Other days the words are thin. I fear they are gone. I might catch a glimmer of them, like the surprising sparkle of mica in concrete pavement. But there aren’t enough to hold onto, not enough words to form a rope that I can use to go hand-over-hand from here to there. They are a fragile line, the streak of a snail’s slimy passage, the evanescent foam on the edge of a wave, the fading white path of an airplane, disappearing before my eyes in a hydrangea blue sky.

The words tell the stories that show us the way home. Without the words, it follows, I feel a bit lost.

Trying to trust the rain will come again.

11 thoughts on “The only way to find our way home”

  1. I am blown away by the sheer beauty of the images in your waiting-for-rain-ness:
    “the streak of a snail’s slimy passage, the evanescent foam on the edge of a wave, the fading white path of an airplane, disappearing before my eyes in a hydrangea blue sky”
    –this reads like a downpour to me.

  2. This is beautiful, Lindsey.

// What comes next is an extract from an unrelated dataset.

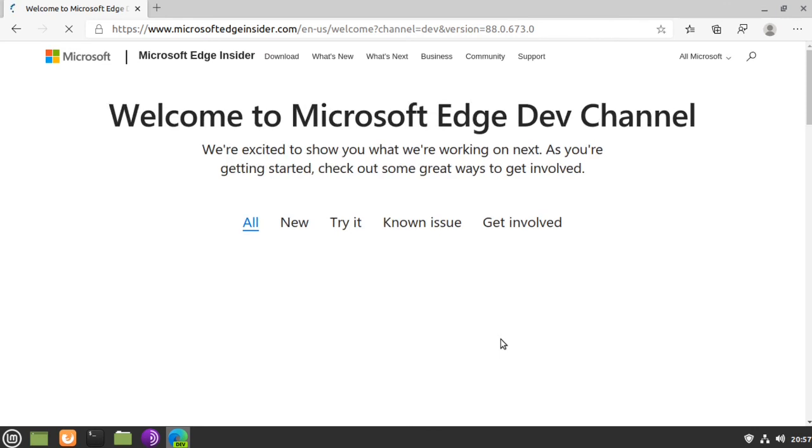And Microsoft Edge is now up and running in Linux Mint 20. That's all there is to it. Thanks for watching.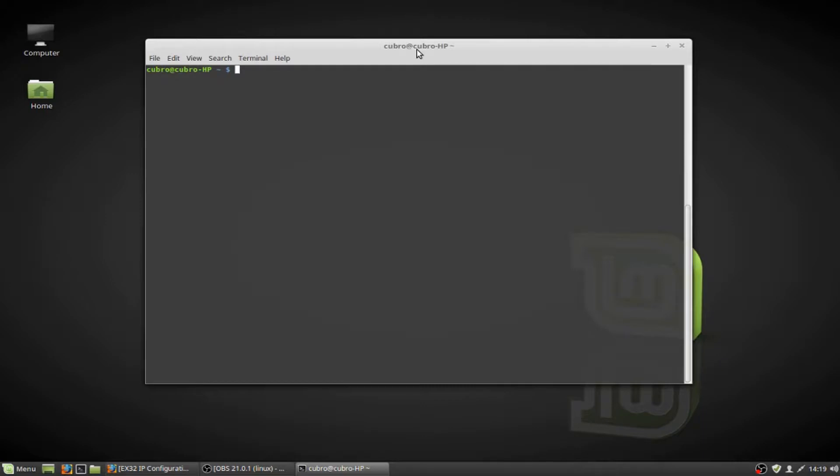Some distributions, such as the newer Debian distributions, don't have ifconfig installed by default, and they use the IP command set. So I'm just going to show you both so that regardless of which one you encounter, you're able to use it.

And even as you write, your story is telling you…finding you…creating the home you seek.

    Those of us who have the privilege of following your journey home find ourselves closer to our own, as well.

    Thank you.

  3. When I think of the endless fragments I have saved in places electronic and old-school, and how they whisper and shout and come at me and run away again… goading me into organizing them into something and tripping me and hitting me with sticks sometimes when I try… well, let’s just say I’d like to think I know where you’re coming from with this post (but then we can never really be sure, can we?).

    Either way, I send good wishes for what I just know will be a most welcome web when you find your way to weave it all together. For now I appreciate the threads.

  4. Yes. I’m looking at you sky, and your beach, and your concrete. Where you might see that which is fading with breeze, or flowing back into an ocean or just too much stone…

    I see the sparkle.

    Thank you.

  5. Lindsey,
    This is beautiful, as always.
    I’m reminded of the phrase, “All who wander are not lost.” I feel, sometimes, even when there are no words, no path, somewhere inside we know we’re already home.
    Blessings to you, Julie

  6. They’ll come back when they need to. I, too, firmly believe that we’re all storytelling beings by nature. When all else fails, we respond to stories best. It’s how we learn about the world and ourselves. I know you’ll keep spinning yours.

  7. Oh! There have been so many times that I have thought, this is it, the words are gone and they are never coming back and I should probably delete my blog. But I never do. And they always do. What a beautiful blog you have here mama.

  8. I am new to your blog but feeling lucky indeed to find you on the shutter sisters “I am enough” project. This has been a life changing opportunity for both the writer as well as the reader. I find your writing so comforting
    and am so glad to have you as a brave fellow traveler on our way home.
    ps: I am the proud mother of the lovely and incredibly creative founder Tracey Clark!